→ Task requirements:
Would you transcribe the entries below word for word, omitting all images?

→ Input:

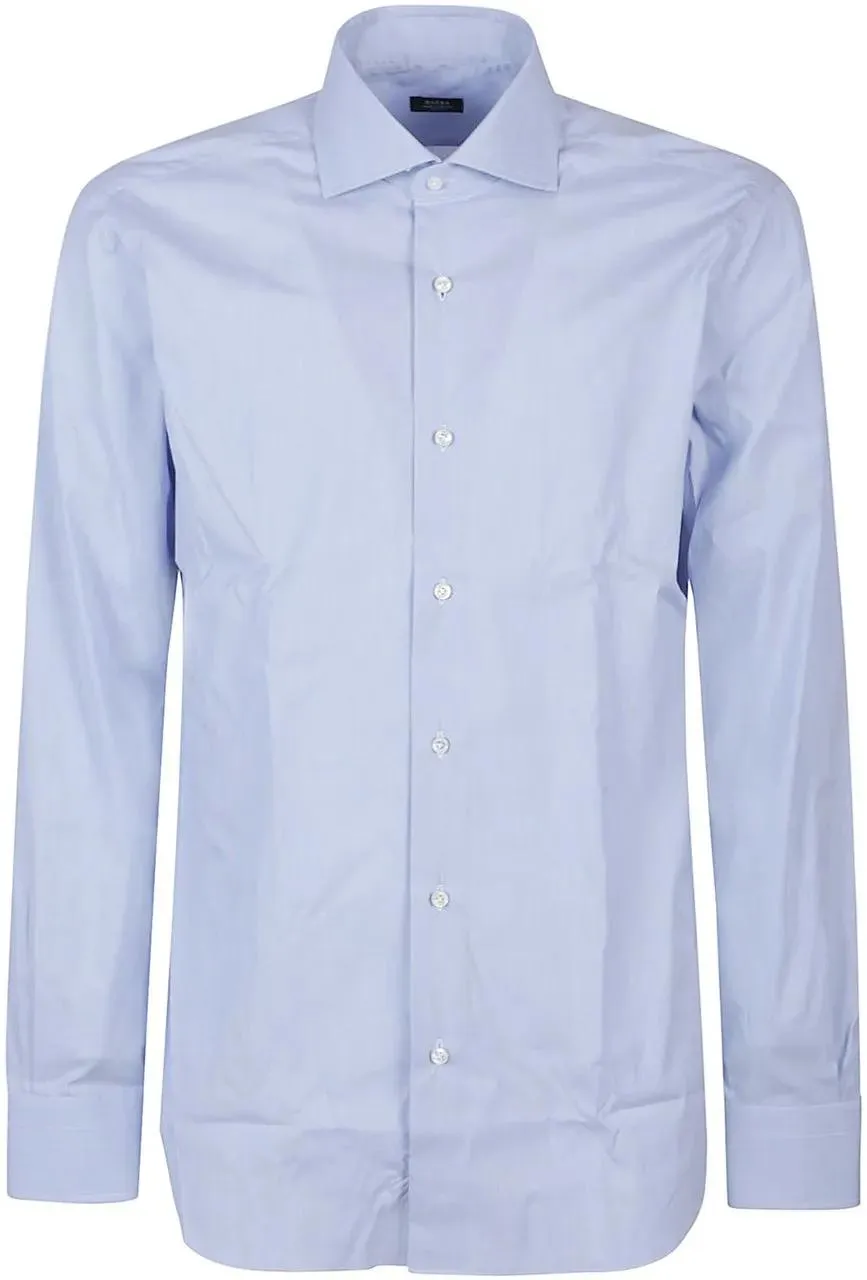 Barba Napoli - Long Sleeve Neck Shirt Blue - Größe 43 - blau Barba Napoli - Long Sleeve Neck Shirt Blue - Größe 43 - blau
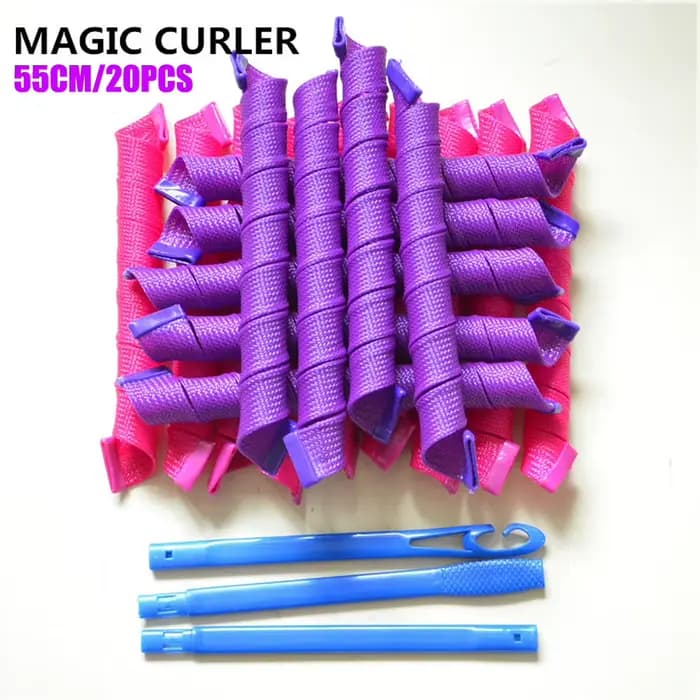 20 pièces/sac 55cm bigoudis magiques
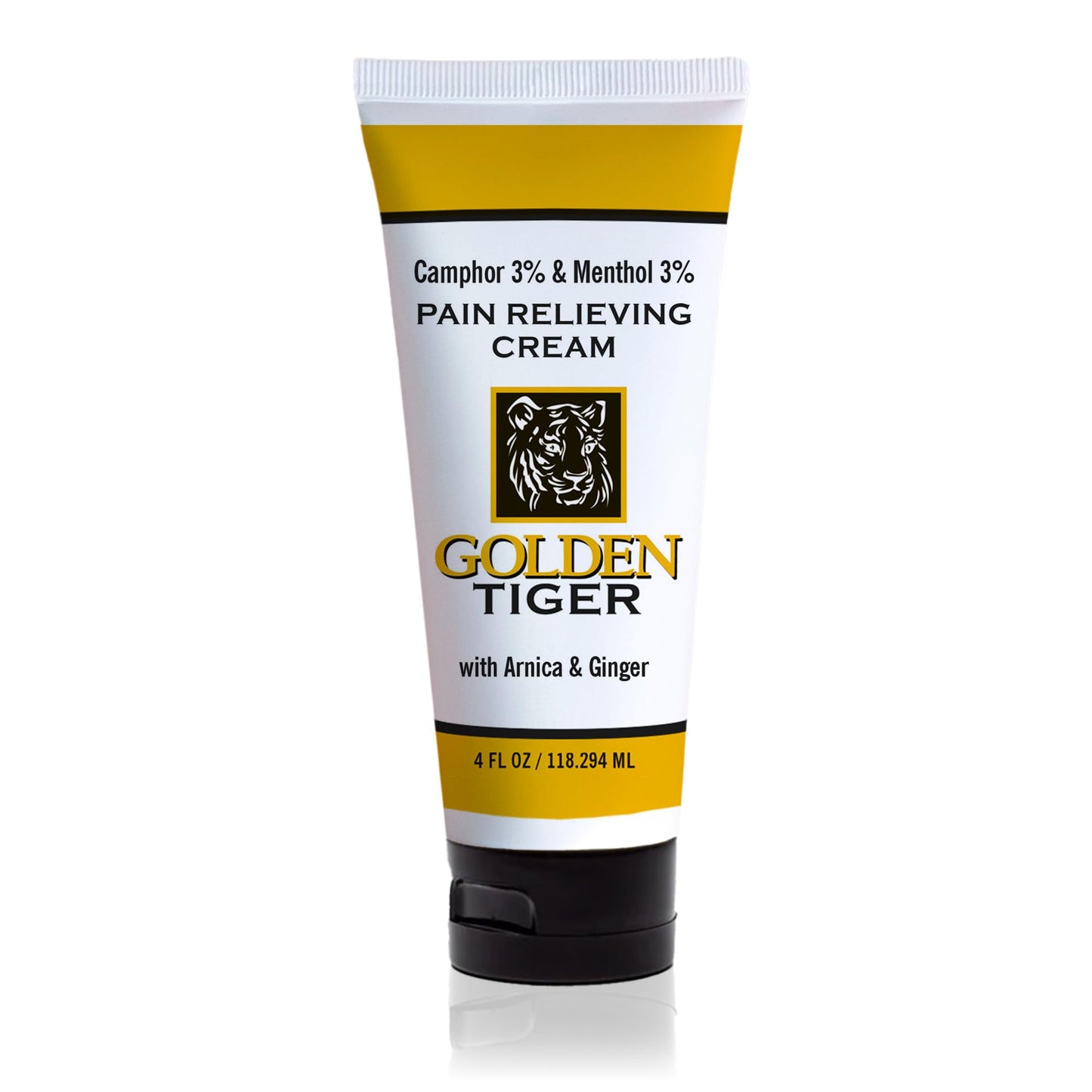 Golden Tiger Pain Relief Cream - 4 oz Tube - dailyvitalstore
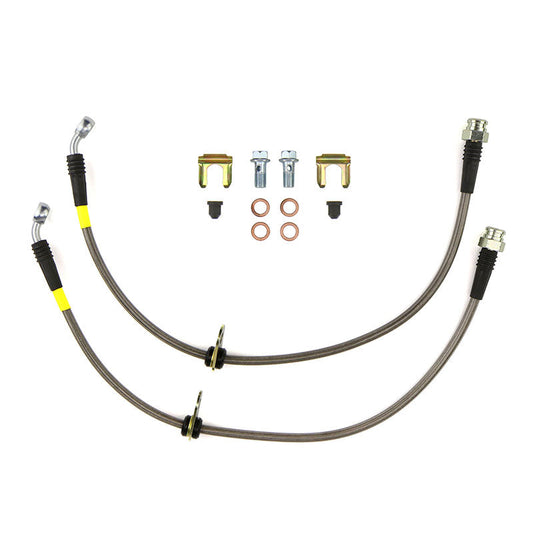 FactionFab Front Stainless Steel Brake Lines Subaru STI 2004-2007 / WRX 2006-2007 - Graveyard Performance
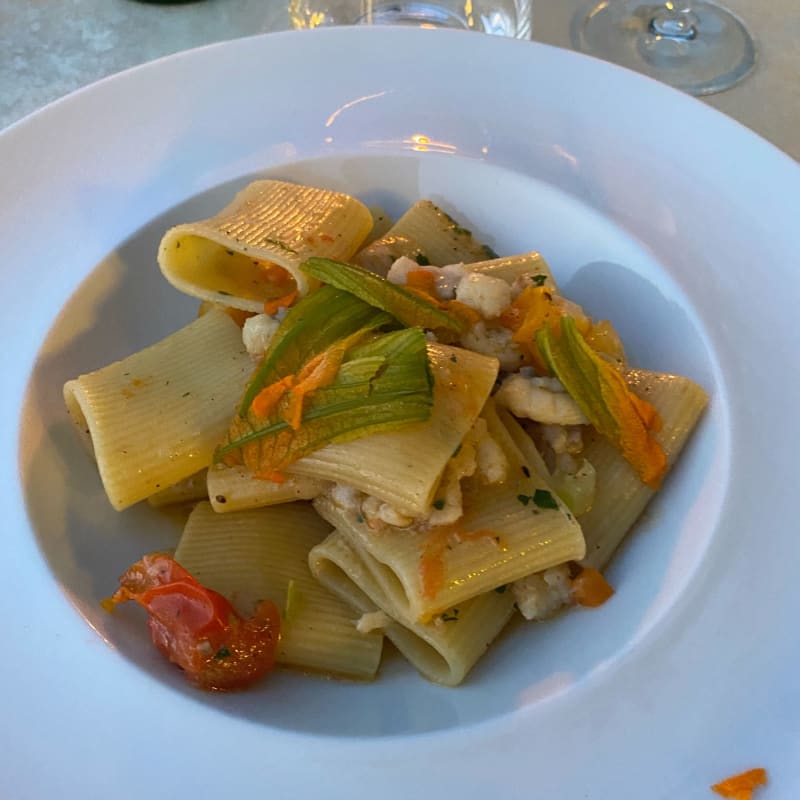 Paccheri con fiori di zucca - Essentia, Sirmione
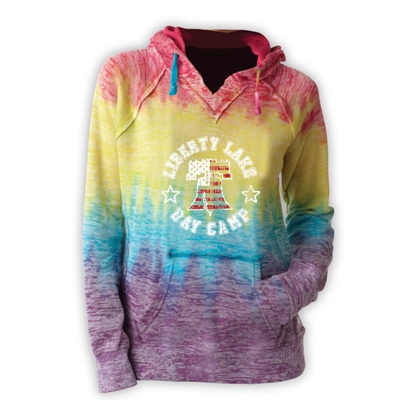 LIBERTY LAKE DAY CAMP COURTNEY BURNOUT V-NOTCH SWEATSHIRT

→ Result:
 Barba Napoli - Long Sleeve Neck Shirt Blue - Größe 43 - blau Barba Napoli - Long Sleeve Neck Shirt Blue - Größe 43 - blau
 20 pièces/sac 55cm bigoudis magiques
 Golden Tiger Pain Relief Cream - 4 oz Tube - dailyvitalstore
 FactionFab Front Stainless Steel Brake Lines Subaru STI 2004-2007 / WRX 2006-2007 - Graveyard Performance
 Paccheri con fiori di zucca - Essentia, Sirmione
 LIBERTY LAKE DAY CAMP COURTNEY BURNOUT V-NOTCH SWEATSHIRT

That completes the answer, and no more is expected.